If any readers here doubt how easy it is to buy personal data (SSNs, dates of birth, etc.) on just about anyone, check out the story I wrote in December 2014, wherein I was able to find the name, address, Social Security number, previous address and phone number on all current members of the U.S. Senate Commerce Committee. This information is no longer secret (nor are the answers to KBA-based questions), and we are all made vulnerable to identity theft as long as institutions continue to rely on static information as authenticators.

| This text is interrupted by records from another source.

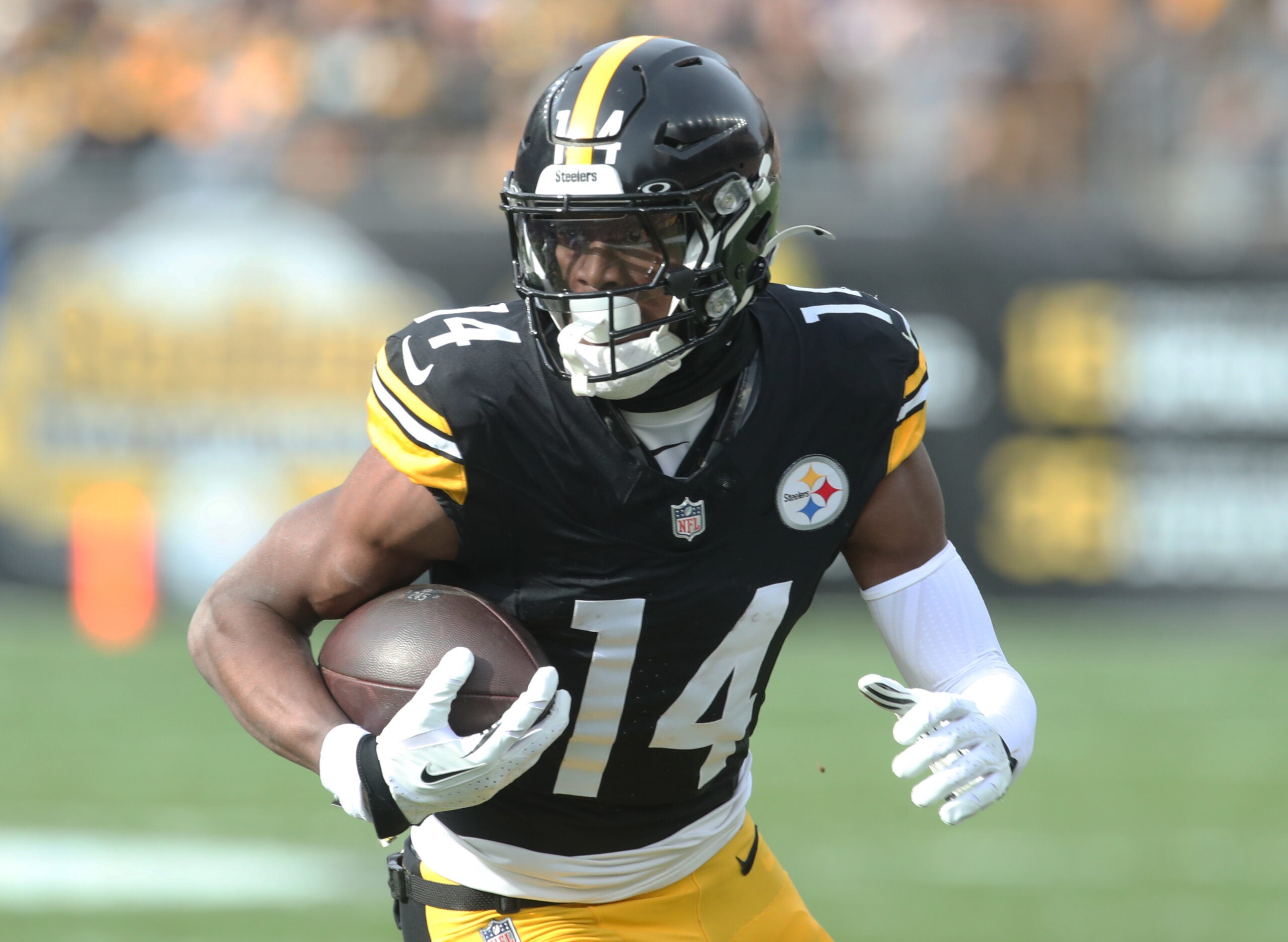 Nov 17, 2024; Pittsburgh, Pennsylvania, USA; Pittsburgh Steelers wide receiver George Pickens (14) runs after a catch against the Baltimore Ravens during the first quarter at Acrisure Stadium.
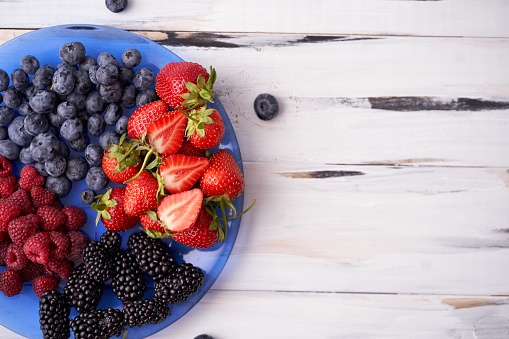 Juicy ripe organic berries of strawberries, blueberries, blackberries, raspberries on a blue plate on a light wooden background. Place for signature. Healthy eating Vegan food. Rustic background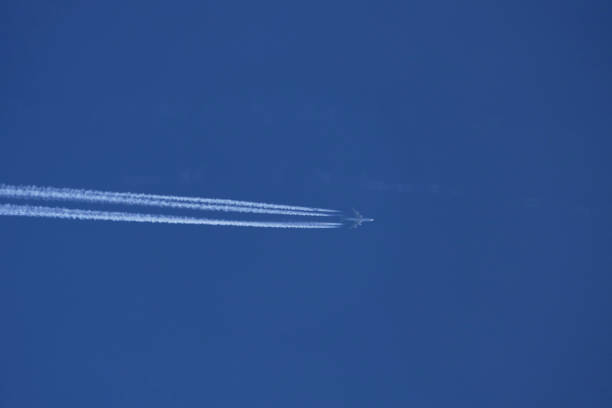 istock airplane in the blue sky, contrail 1786075719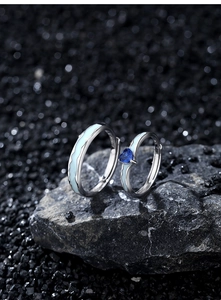 Macro shot of silver couples rings featuring blue wave enamel and a heart-shaped zircon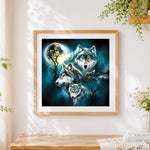 Finished mystical wolf pack under a full moon paint by numbers artwork displayed as home decor
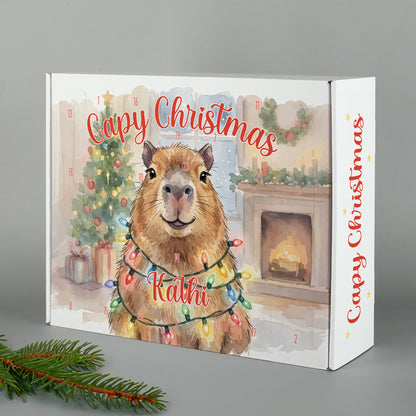 Adventskalender mit Name Kathi personalisiert und Capybara Motiv vor Weihnachtsbaum und Kamin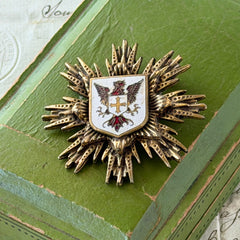 Vintage gold‑tone heraldic brooch with white enamel shield and red‑gold griffin coat of arms, photographed on antique paper and boxes.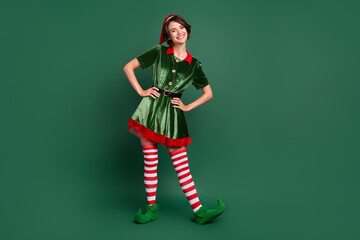Photo of funny positive cheerful helper lady hands hips wear elf costume hat stockings isolated green color background - obrazy, fototapety, plakaty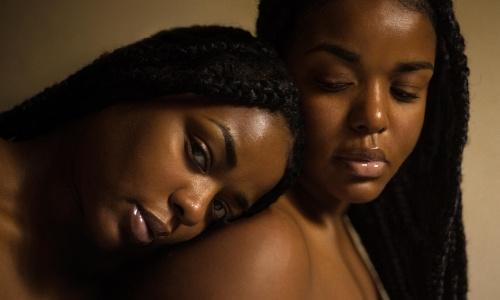 A beautiful black woman leaning on another black woman's shoulder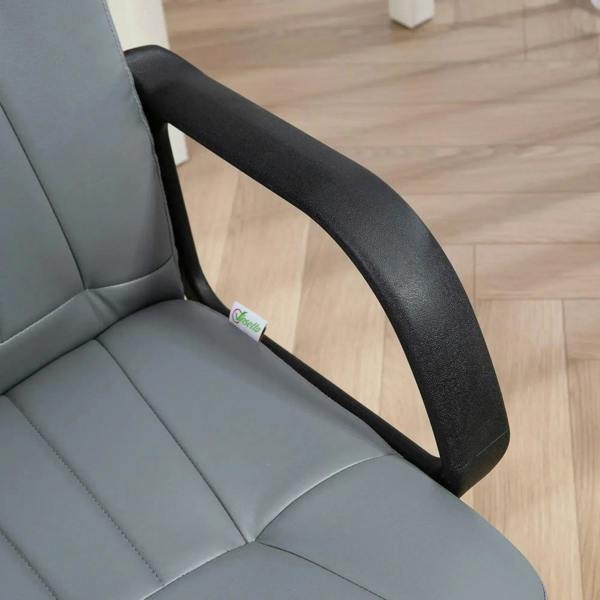 Close-up of grey padded armrest on an office desk chair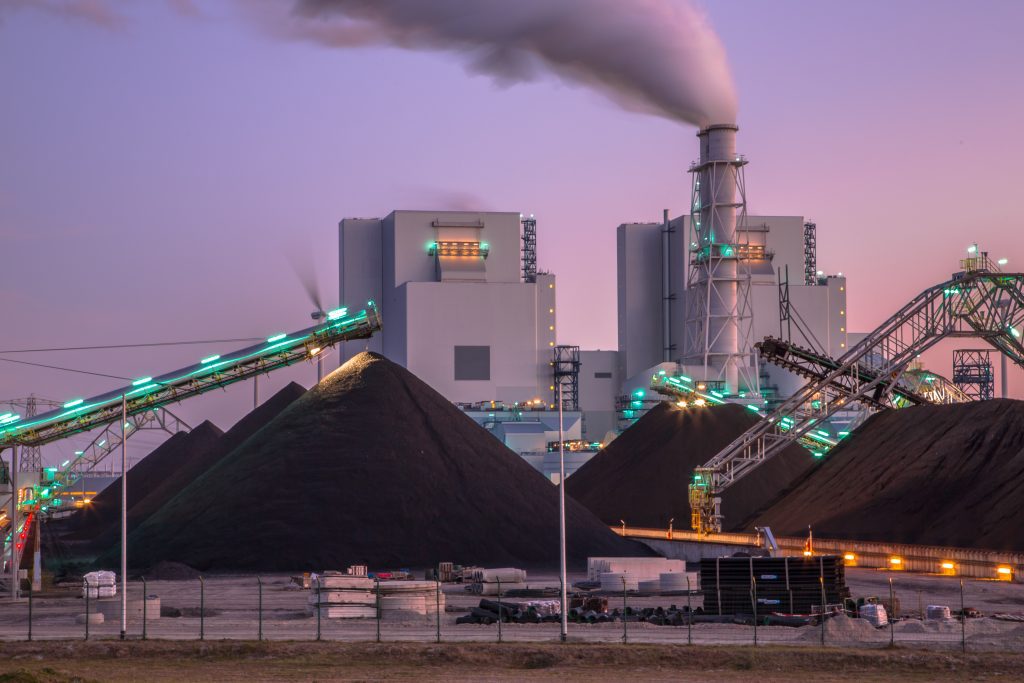 Coal-fired power plant at dusk with conveyors and fuel piles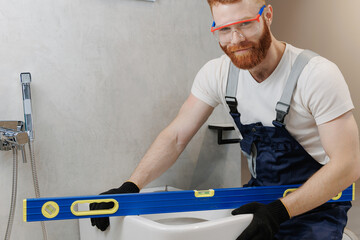Professional plumber working with toilet bowl in bathroom. Concept repair service plumbing. Portrait industrial man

So, how does a security freeze help tax fraud victims avoid becoming victims two years running? A freeze prevents the IRS from being able to ask those KBA questions that are key to retrieving one’s IP PIN via the agency’s Web site. Last year, the IRS briefly removed the ability for tax fraud victims to retrieve their IP PINs via the site, but it has since reinstated the feature, apparently ignoring its auditor’s advice to re-enable it only after implementing some type of two-factor authentication.
Helpfully, though, the IRS does now allow taxpayers to lock their online account, effectively requiring all future correspondence to be conducted via snail mail. You do have an account at irs.gov, don’t you? If not, it might be a good idea to create one, even if you don’t think you’ll ever use it. That goes ditto for the Social Security Administration, by the way.